Exercise materials ▸

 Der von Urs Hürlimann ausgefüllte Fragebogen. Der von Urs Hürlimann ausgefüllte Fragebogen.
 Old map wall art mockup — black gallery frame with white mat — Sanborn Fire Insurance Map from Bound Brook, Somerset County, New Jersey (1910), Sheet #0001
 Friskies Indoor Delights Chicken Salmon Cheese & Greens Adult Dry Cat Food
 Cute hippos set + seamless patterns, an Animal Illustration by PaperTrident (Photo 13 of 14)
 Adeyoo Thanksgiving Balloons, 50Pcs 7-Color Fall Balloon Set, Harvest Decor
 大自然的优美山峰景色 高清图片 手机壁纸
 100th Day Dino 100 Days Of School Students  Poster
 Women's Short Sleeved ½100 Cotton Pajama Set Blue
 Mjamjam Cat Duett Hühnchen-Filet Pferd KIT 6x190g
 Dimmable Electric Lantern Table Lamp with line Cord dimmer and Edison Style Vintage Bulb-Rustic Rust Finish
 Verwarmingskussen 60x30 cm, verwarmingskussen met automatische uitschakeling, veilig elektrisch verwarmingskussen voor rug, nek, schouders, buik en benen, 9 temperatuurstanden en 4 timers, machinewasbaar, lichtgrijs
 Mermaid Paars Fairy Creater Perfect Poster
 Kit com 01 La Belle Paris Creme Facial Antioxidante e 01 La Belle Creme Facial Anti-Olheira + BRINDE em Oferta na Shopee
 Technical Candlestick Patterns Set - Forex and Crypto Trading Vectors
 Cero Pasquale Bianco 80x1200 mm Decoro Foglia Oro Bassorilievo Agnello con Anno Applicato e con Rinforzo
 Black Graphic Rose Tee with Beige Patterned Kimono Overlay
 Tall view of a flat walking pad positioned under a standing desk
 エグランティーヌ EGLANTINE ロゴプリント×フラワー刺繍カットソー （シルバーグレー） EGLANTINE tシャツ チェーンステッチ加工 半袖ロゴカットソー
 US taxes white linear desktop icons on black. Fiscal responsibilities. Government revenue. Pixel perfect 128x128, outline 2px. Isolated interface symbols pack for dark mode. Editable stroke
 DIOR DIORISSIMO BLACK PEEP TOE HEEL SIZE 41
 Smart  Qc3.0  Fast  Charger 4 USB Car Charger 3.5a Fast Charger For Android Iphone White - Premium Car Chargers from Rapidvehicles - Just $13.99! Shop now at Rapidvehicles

Exercise aim ▸ Starting at the line that contains "US taxes white", quote each remaining line of the entries above, unchanged.

Written response ▸
 US taxes white linear desktop icons on black. Fiscal responsibilities. Government revenue. Pixel perfect 128x128, outline 2px. Isolated interface symbols pack for dark mode. Editable stroke
 DIOR DIORISSIMO BLACK PEEP TOE HEEL SIZE 41
 Smart  Qc3.0  Fast  Charger 4 USB Car Charger 3.5a Fast Charger For Android Iphone White - Premium Car Chargers from Rapidvehicles - Just $13.99! Shop now at Rapidvehicles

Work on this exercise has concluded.